[Source data]

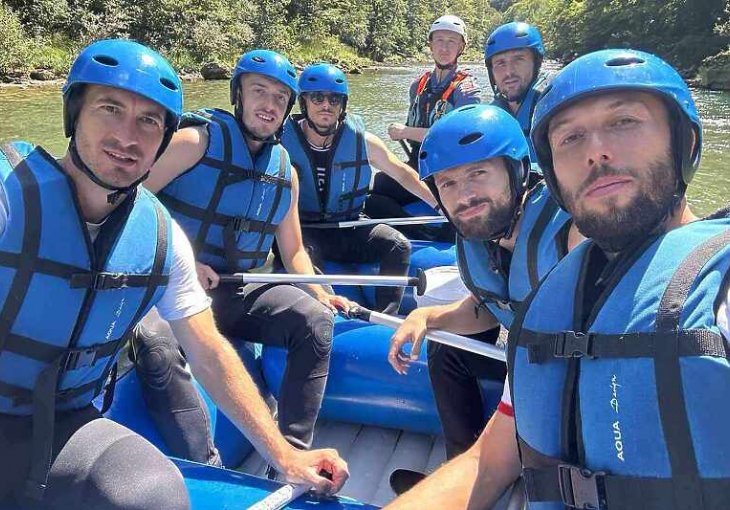 Nogometaši Željezničara iskoristili dan reprezentativne pauze za rafting na Neretvi!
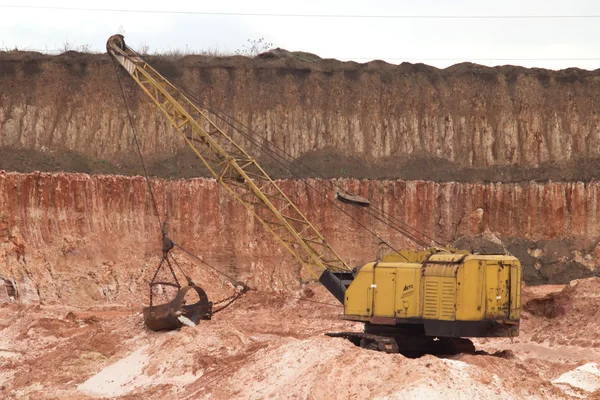 kum ocağında bir kariyer tırmık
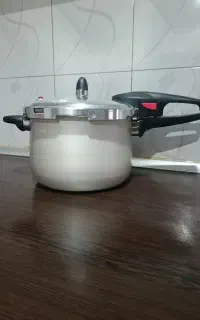 زودپز دسته دار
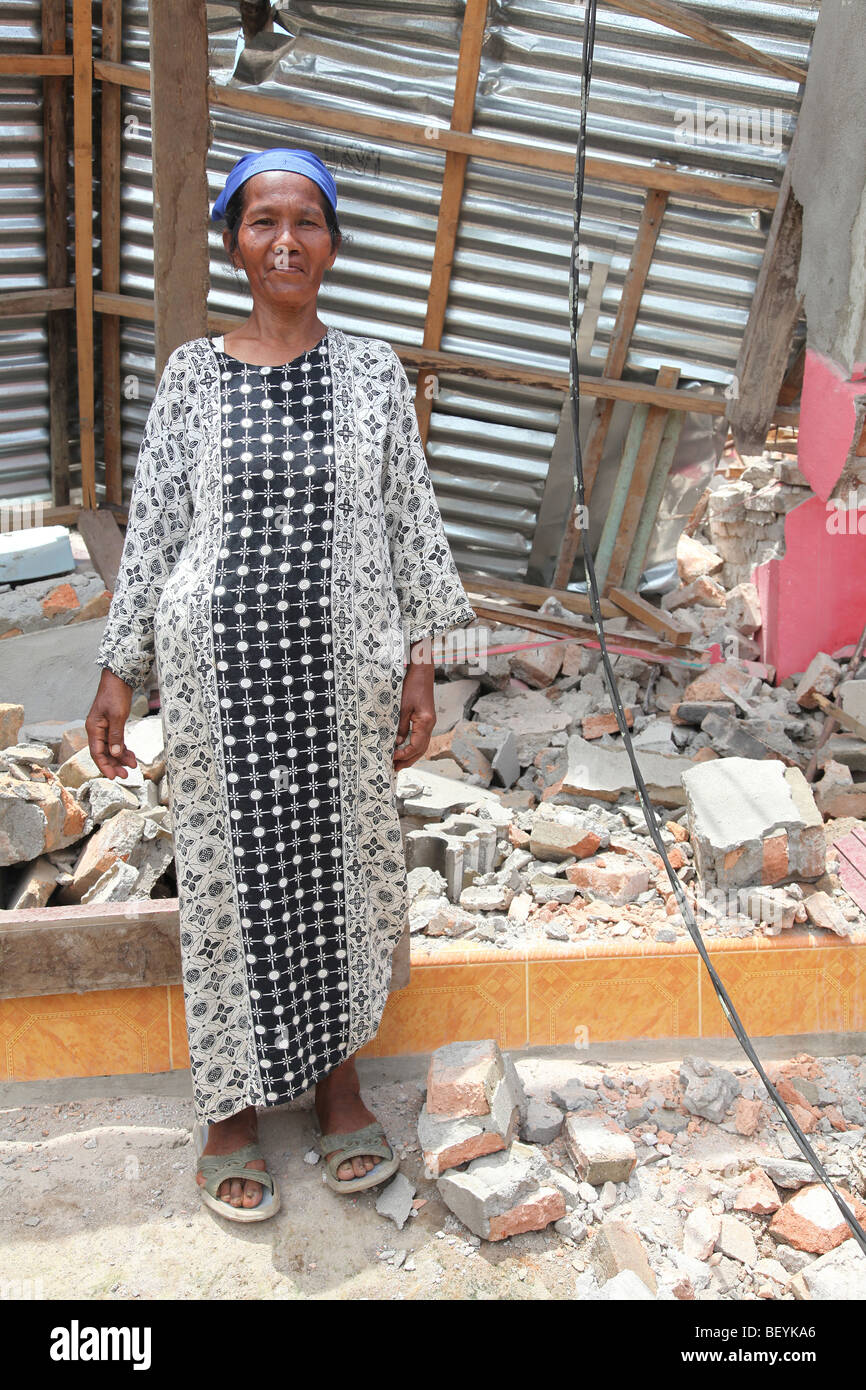 Quake danni, Jawi Duku (Sungai Limau), Kab. Padang Pariaman Foto Stock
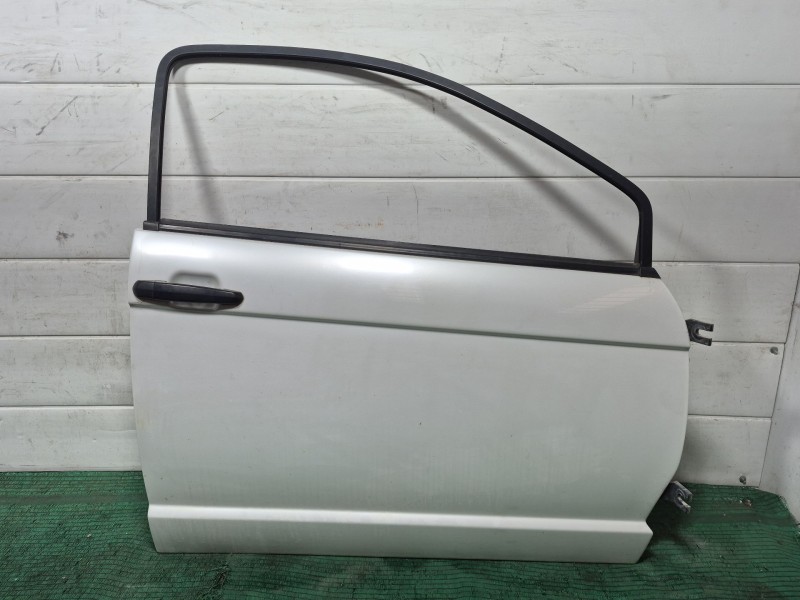 Recambio de puerta delantera derecha para aixam minauto 0.5 referencia OEM IAM   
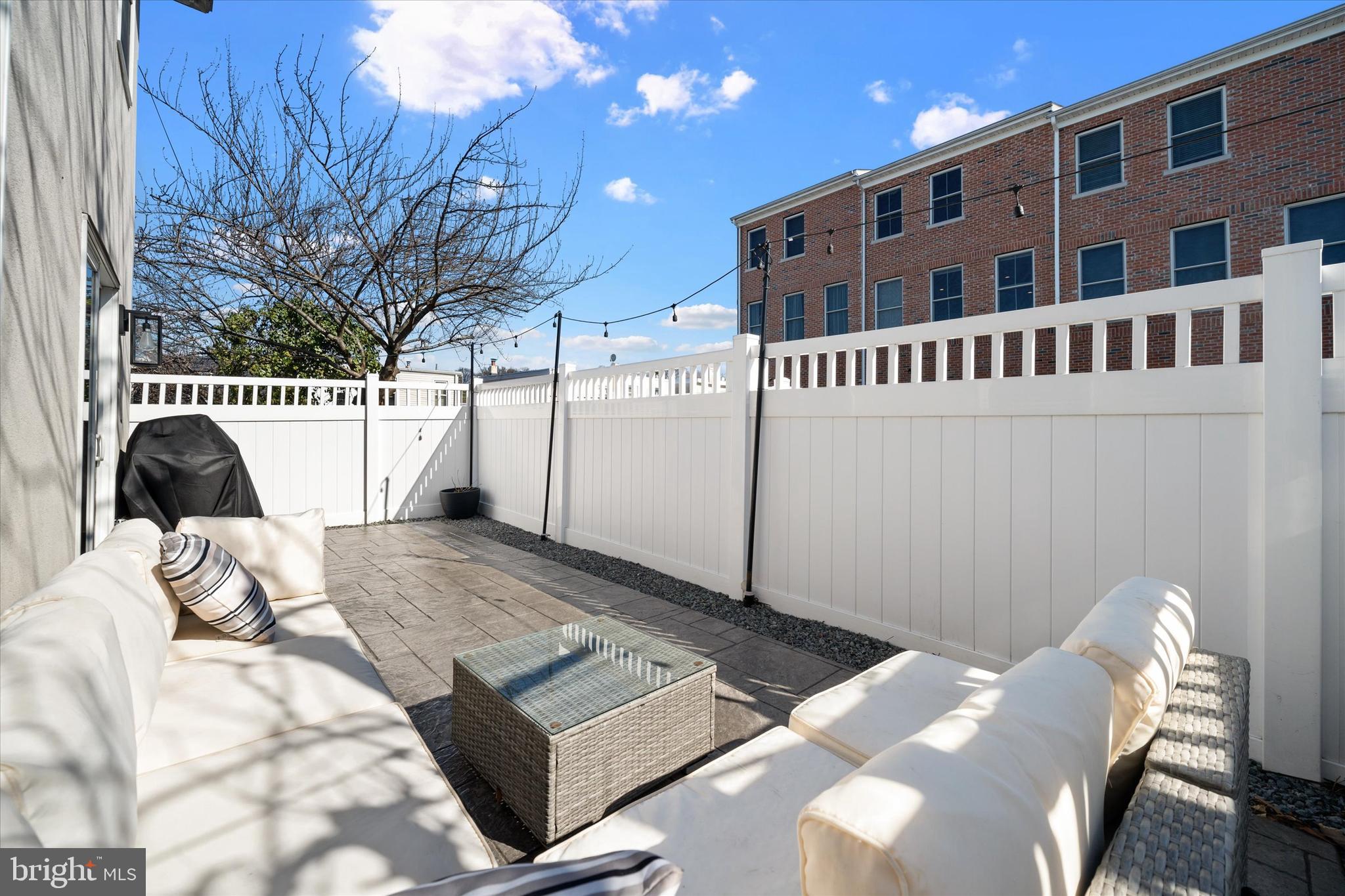 ROXBOROUGH - Residential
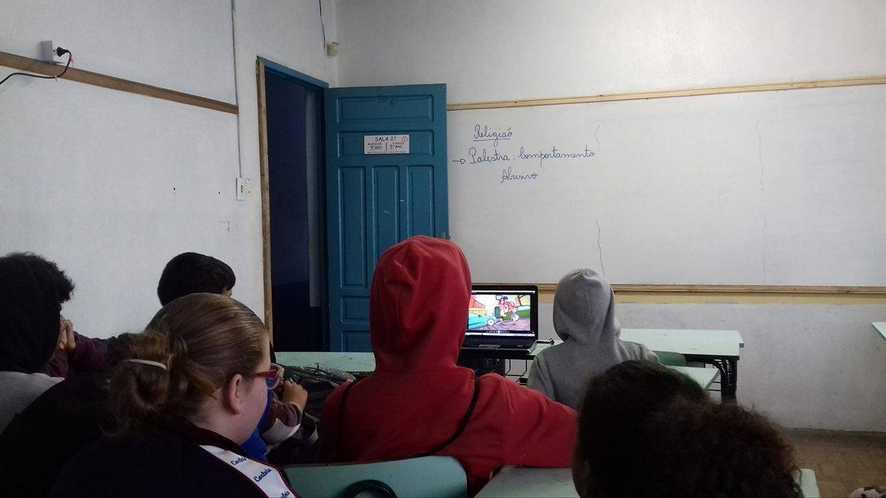 Foto 2: Alunos ouvindo o filme, porém sem ter acesso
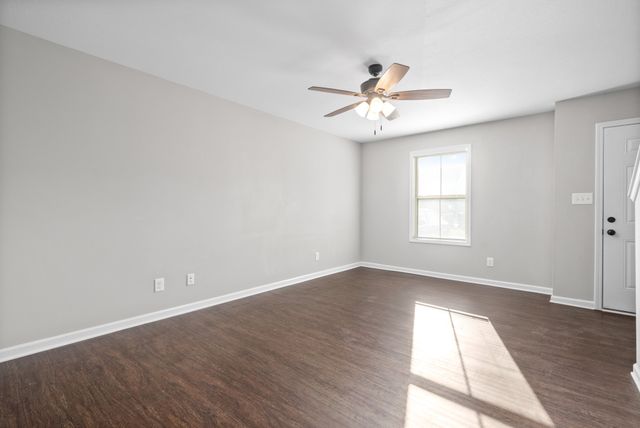 272 Smithson Ln Unit D, Clarksville, TN 37040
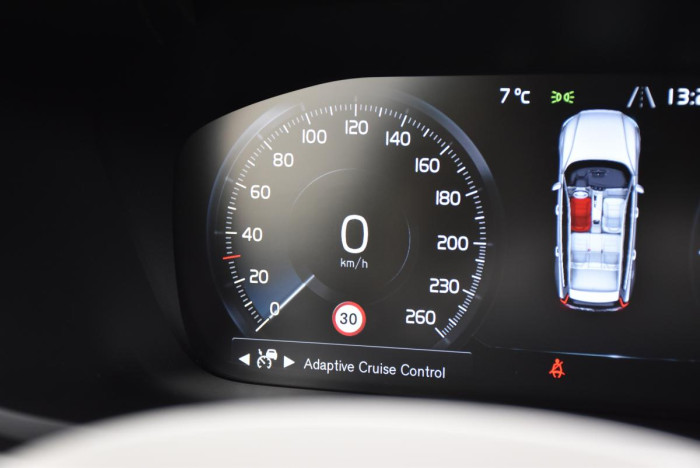Volvo V60 T6 AWD RECHARGE REZERVACE
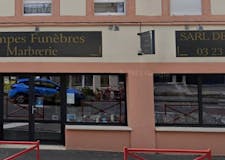 Devanture de Pompes Funèbres Desson et Fils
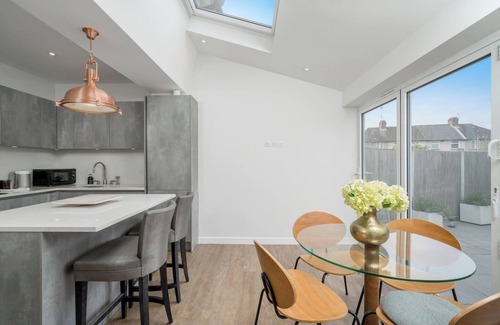 Island Gardens House | Elegant 3Bedroom Retreat Minutes from Canary Wharf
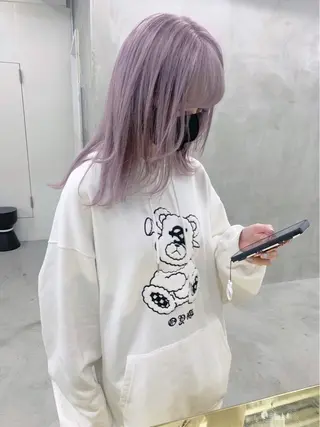 セミロング カラー ブームボックス所属・🐝ハイトーンカラー hachi🐝のヘアスタイル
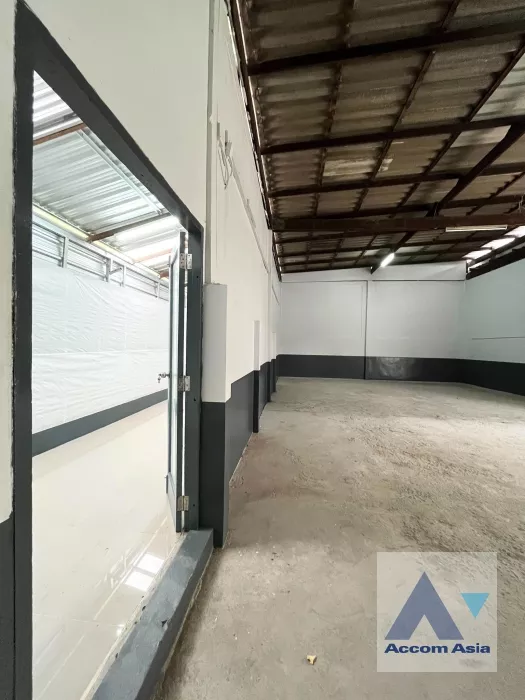 9  Warehouse For Rent in Lat Phrao ,Bangkok  AA35323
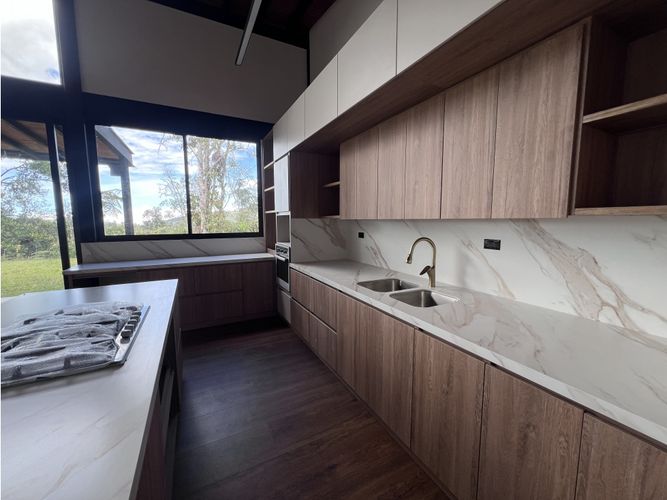 Casa de 3 alcobas en venta en Pantanillo, El Retiro, 332 m² · foto 12 de 24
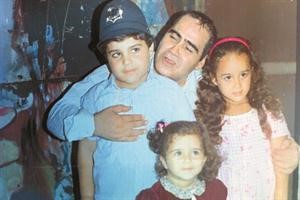 صورة ارشيفية لسيد زيان مع ابنائه
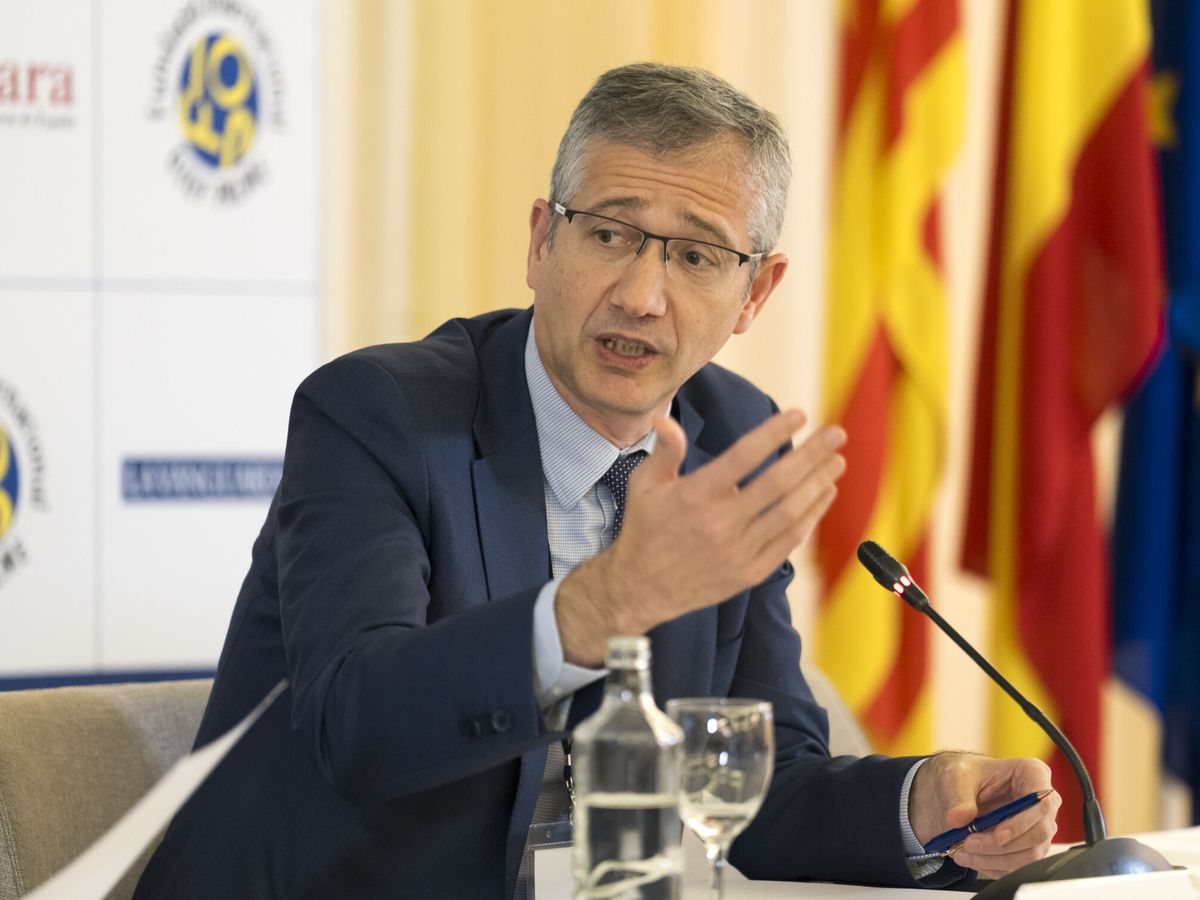 Foto: El gobernador del Bando de España, Pablo Hernández de Cos en el encuentro de economía en S'Agaró (EFE).–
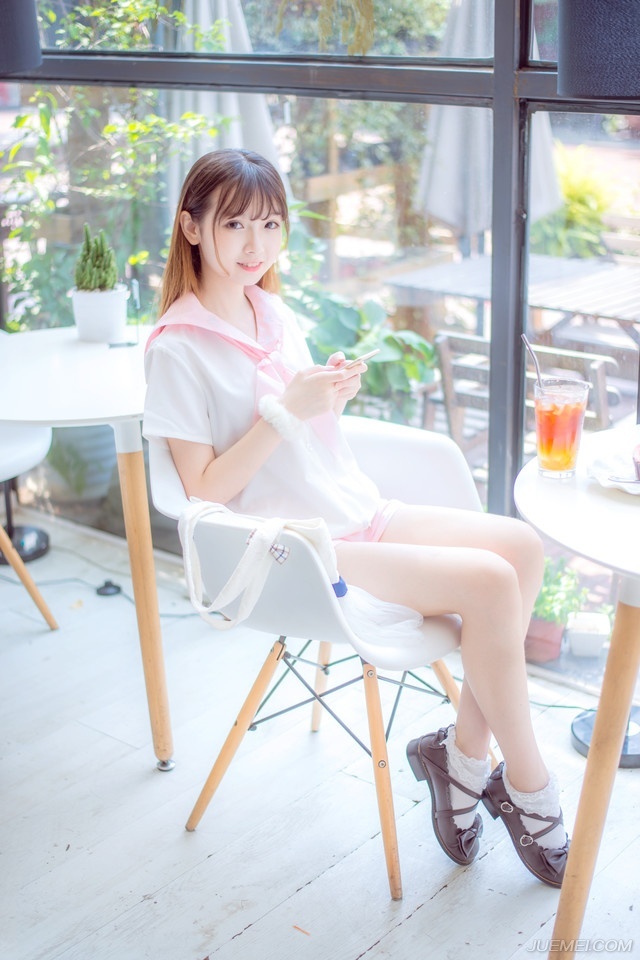“庞先生误会，此乃刘璝一人之言，与我等无关，我等并无此意。”大帐中，短暂的寂静之后，一名武将突然站出来，微笑着来到庞统身边，瞪眼看向两名刘璝的亲卫，厉声喝道：“大胆，还不松开庞先生。”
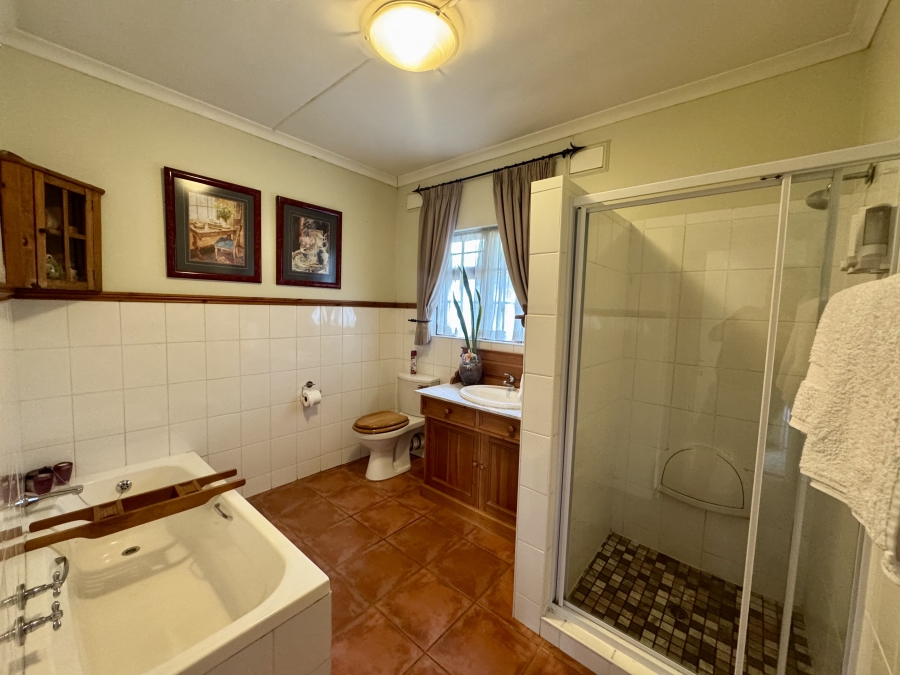 8 Bedroom Property for Sale in Montrose KwaZulu-Natal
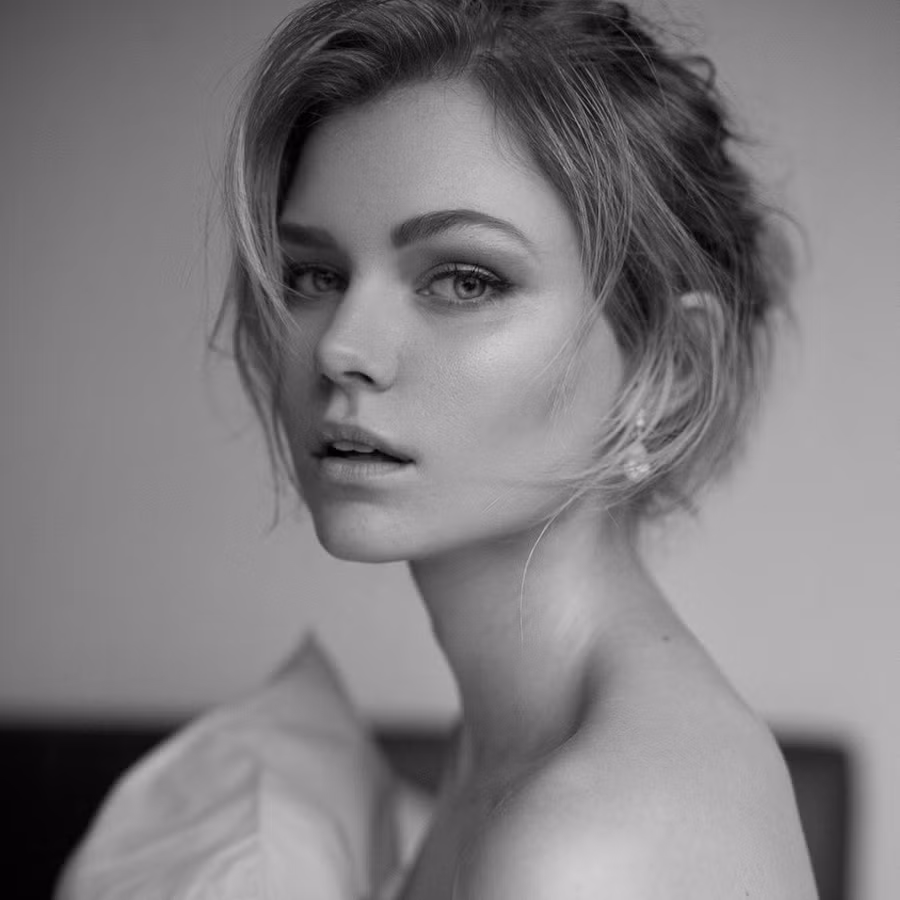 Học ngay những bí kíp tạo dáng khi chụp ảnh giúp chị em che toàn bộ nhược điểm bụng to, chân ngắn ảnh 1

Exercise brief> Exact repeat, pictures omitted: give every line from the top of the records down to and including the line with "Casa de 3 alcobas".

Output of the exercise>
 Nogometaši Željezničara iskoristili dan reprezentativne pauze za rafting na Neretvi!
 kum ocağında bir kariyer tırmık
 زودپز دسته دار
 Quake danni, Jawi Duku (Sungai Limau), Kab. Padang Pariaman Foto Stock
 Recambio de puerta delantera derecha para aixam minauto 0.5 referencia OEM IAM   
 ROXBOROUGH - Residential
 Foto 2: Alunos ouvindo o filme, porém sem ter acesso
 272 Smithson Ln Unit D, Clarksville, TN 37040
Volvo V60 T6 AWD RECHARGE REZERVACE
 Devanture de Pompes Funèbres Desson et Fils
 Island Gardens House | Elegant 3Bedroom Retreat Minutes from Canary Wharf
 セミロング カラー ブームボックス所属・🐝ハイトーンカラー hachi🐝のヘアスタイル
 9  Warehouse For Rent in Lat Phrao ,Bangkok  AA35323
 Casa de 3 alcobas en venta en Pantanillo, El Retiro, 332 m² · foto 12 de 24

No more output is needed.